- [Work required]: Every line below is to be set down again exactly; any image stays out.

- [Provided material]:
◇ ◇ ◇ ◇ ◇ ◇ ◇

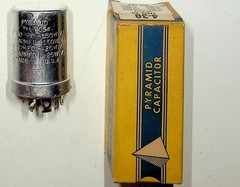 Pyramid Vintage Capacitor TM-4054 TMQ-20 Silver Tone Electronic Component NOS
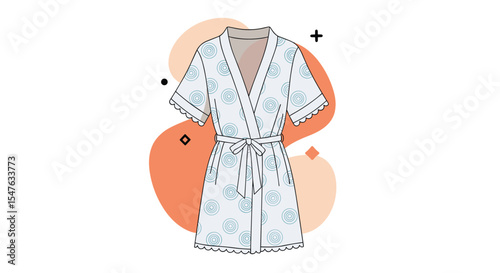 Elegant blue floral short robe vector illustration for summer loungewear design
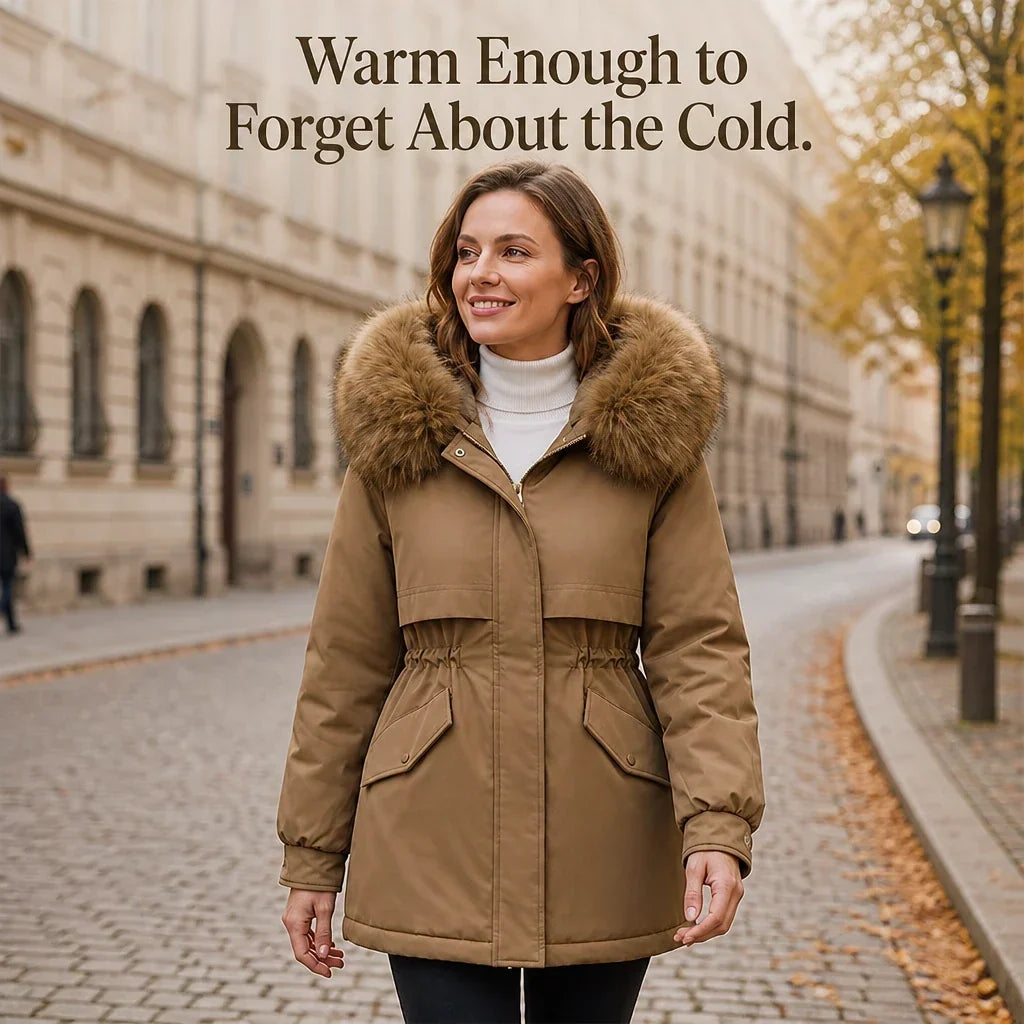 Women's Plush-Lined Hooded Mid-Length Parka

◇ ◇ ◇ ◇ ◇ ◇ ◇

- [Solution to the problem]:
 Pyramid Vintage Capacitor TM-4054 TMQ-20 Silver Tone Electronic Component NOS
 Elegant blue floral short robe vector illustration for summer loungewear design
 Women's Plush-Lined Hooded Mid-Length Parka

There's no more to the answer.